Moreover, if history tells us anything, what happens in California doesn’t always stay in California.
“Much of the legislation that goes after Second Amendment rights tends to originate in California. It is often called the petri dish of gun control,” said Reid. “Every year, we have bills introduced with concepts that don’t exist anywhere else. And sometimes, those concepts pick up steam, and there is an attack on the culture of the Second Amendment in other places.”
Several laws enacted over the past decade in what was once the Golden State don’t target criminal misuse of firearms, but punish law-abiding citizens who use them responsibly, said Reid. Hunting is a lawful activity; thus, AB 2571 purely targeted a perfectly legal sport and its participants.
Therefore, it should come as no surprise that the legislation will neither mitigate nor stop firearm-related crimes.
“The criminals are still out there committing more crimes,” said Reid. “And so, despite the hundreds of gun laws California has on the books, criminals are simply ignoring them.”

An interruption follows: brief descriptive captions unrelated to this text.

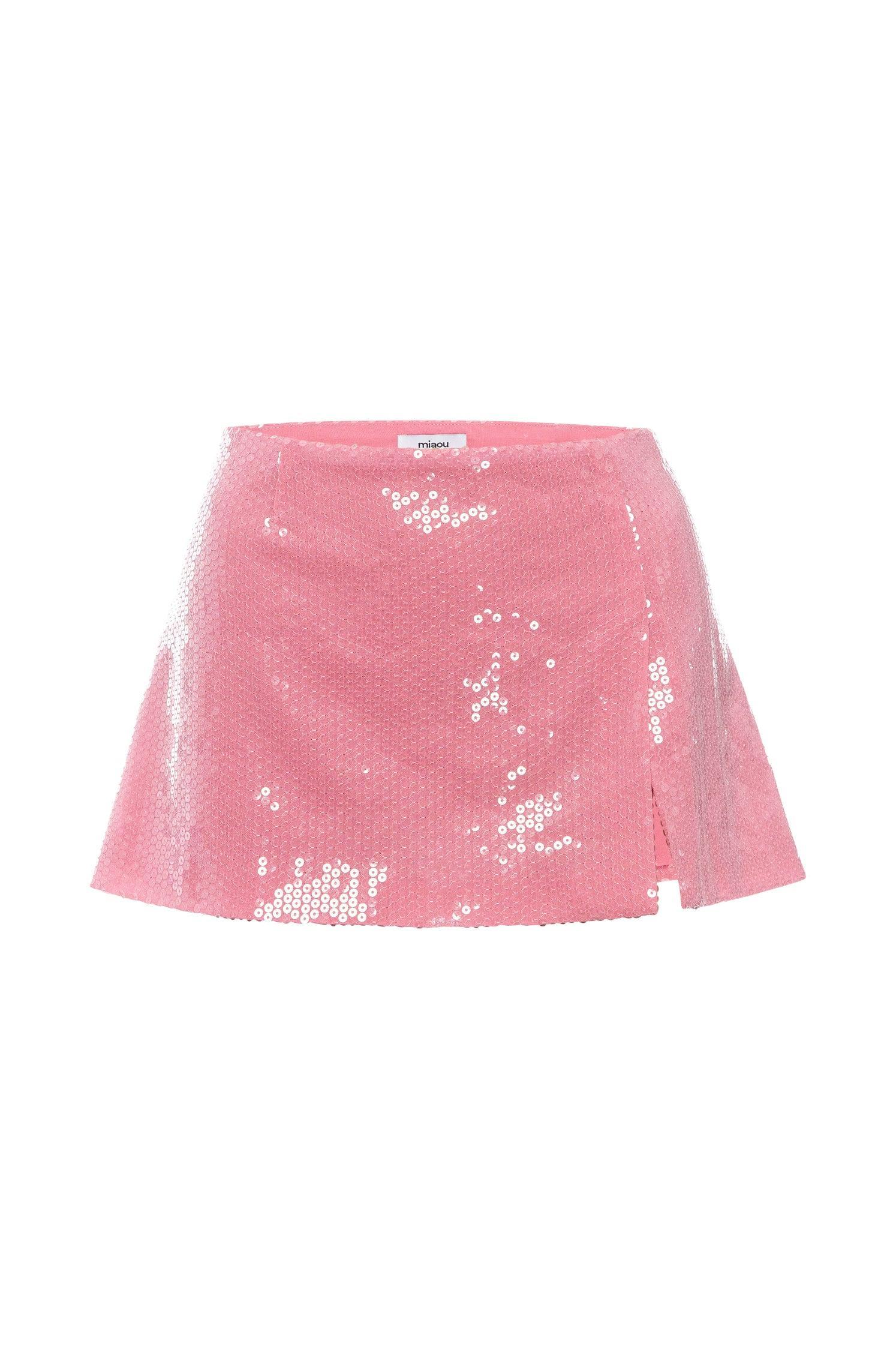 MICRO MINI SKIRT - CANDY Product Image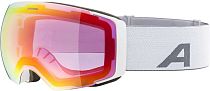 Горнолыжная маска Alpina Falera Mag Black Matt/Q Red S2/Pink S1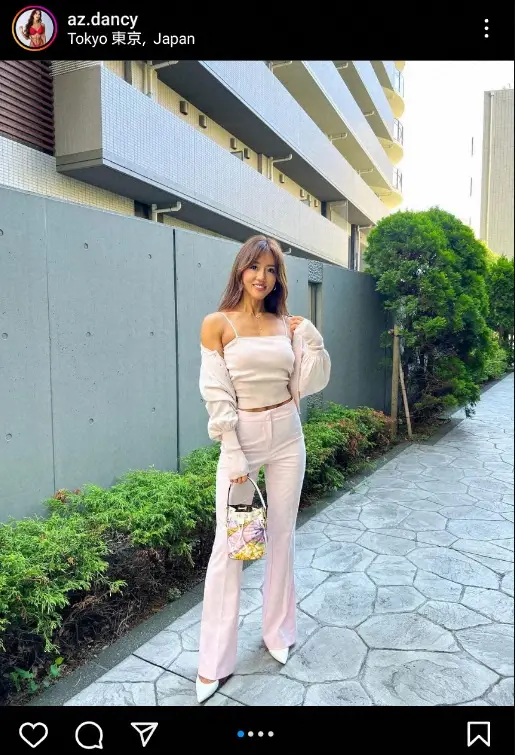 【画像・写真】ビキニフィットネス・ダンシーあずさ　“腹筋チラ見せ”私服姿披露に「超カッコイイ」「イケてる！」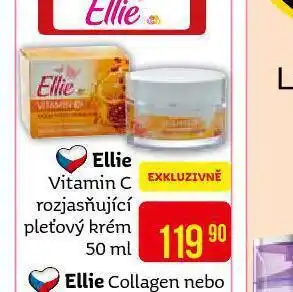 Teta Ellie vitamin c rozjasňující pleťový krém nabídka
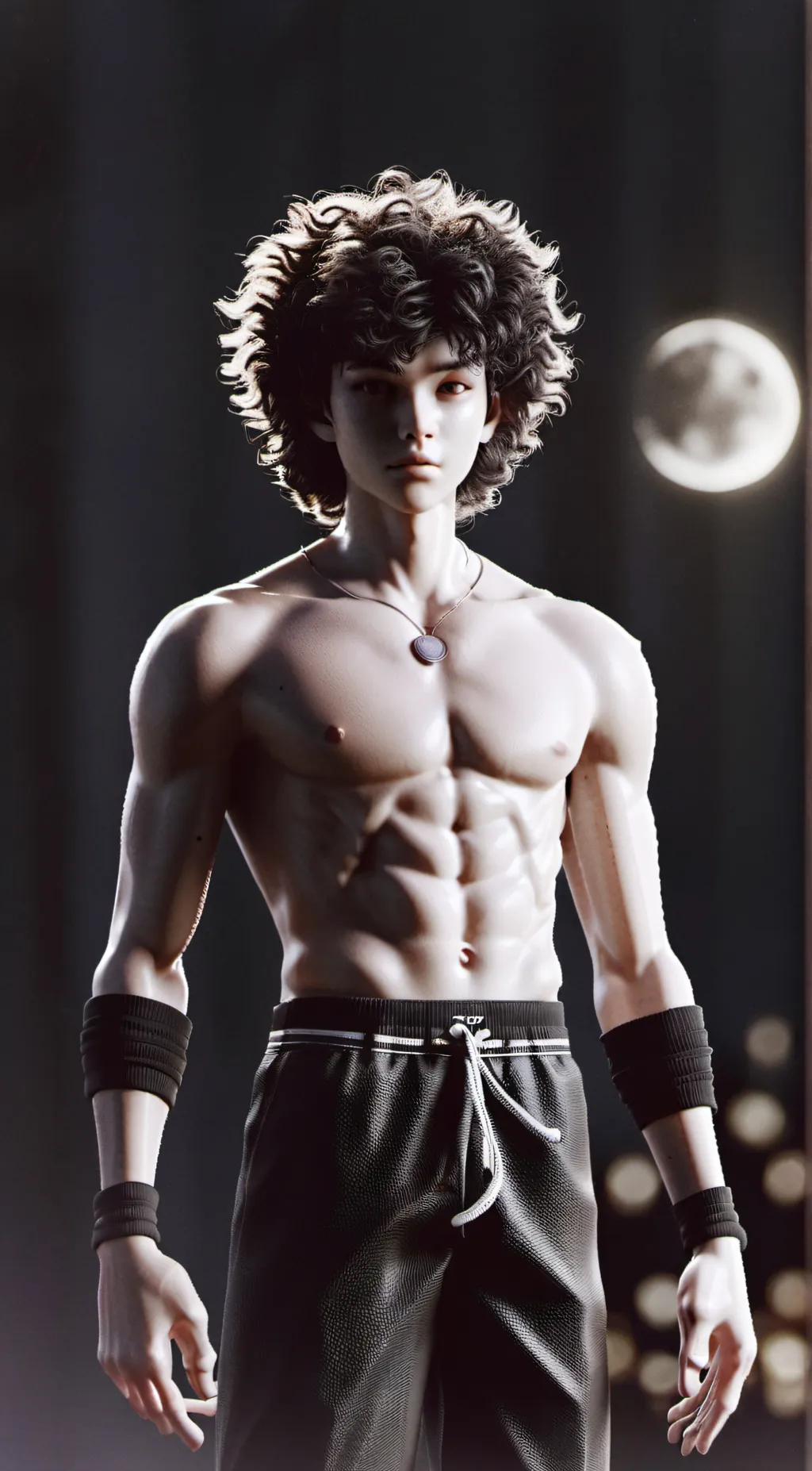 ai character: Kael background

California Saw They Would Lose
With court filings noting clear First and Second Amendment infringements filed, the state’s anti-gun legislators saw they would soon lose decisions—and such decisions would create precedents. They avoided this by quickly amending the legislation with AB 160.
As this was being written, the legislation still said, “A firearm industry member shall not advertise, market, or arrange for placement of an advertising or marketing communication offering or promoting any firearm-related product in a manner that is designed, intended, or reasonably appears to be attractive to minors.”

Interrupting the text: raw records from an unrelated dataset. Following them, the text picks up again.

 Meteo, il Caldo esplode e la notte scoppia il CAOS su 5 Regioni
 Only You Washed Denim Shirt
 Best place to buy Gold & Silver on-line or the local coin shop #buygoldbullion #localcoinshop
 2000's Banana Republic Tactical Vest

But they tweaked the “attractive to minors” clause. First, they say, “In determining whether marketing or advertising of a firearm-related product is attractive to minors … a court shall consider the totality of the circumstances, including, but not limited to, whether the marketing or advertising:
(A) Uses caricatures that reasonably appear to be minors or cartoon characters to promote firearm-related products.
(B) Offers brand name merchandise for minors, including, but not limited to, hats, t-shirts, or other clothing, or toys, games, or stuffed animals, that promotes a firearm industry member or firearm-related product.
(C) Offers firearm-related products in sizes, colors, or designs that are specifically designed to be used by, or appeal to, minors.
(D) Is part of a marketing or advertising campaign designed with the intent to appeal to minors.
(E) Uses images or depictions of minors in advertising and marketing materials to depict the use of firearm-related products.
(F) Is placed in a publication created for the purpose of reaching an audience that is predominately composed of minors and not intended for a more general audience composed of adults.
(3) This subdivision does not apply to a communication offering or promoting any firearm safety program, hunting safety or promotional program, firearm instructional course, sport shooting event or competition, or any similar program, course, or event, nor does it apply to a communication offering or promoting membership in any organization, or promotion of lawful hunting activity, including, but not limited to, any fundraising event, youth hunting program, or outdoor camp.
According to this law, the NRA’s Eddie Eagle youth gun-safety program is illegal, as are other tools used to teach actual gun safety. The state is clearly still attempting to reduce the number of young hunters and shooting-sports competitors. To these anti-Second Amendment legislators, this is a culture war, and their long game is to wipe the use of the Second Amendment out of the mainstream. This way, at some future point, they can more easily restrict or outright take away citizens’ right to keep and bear arms.
The NRA is continuing to fight these infringements on our rights in the courts.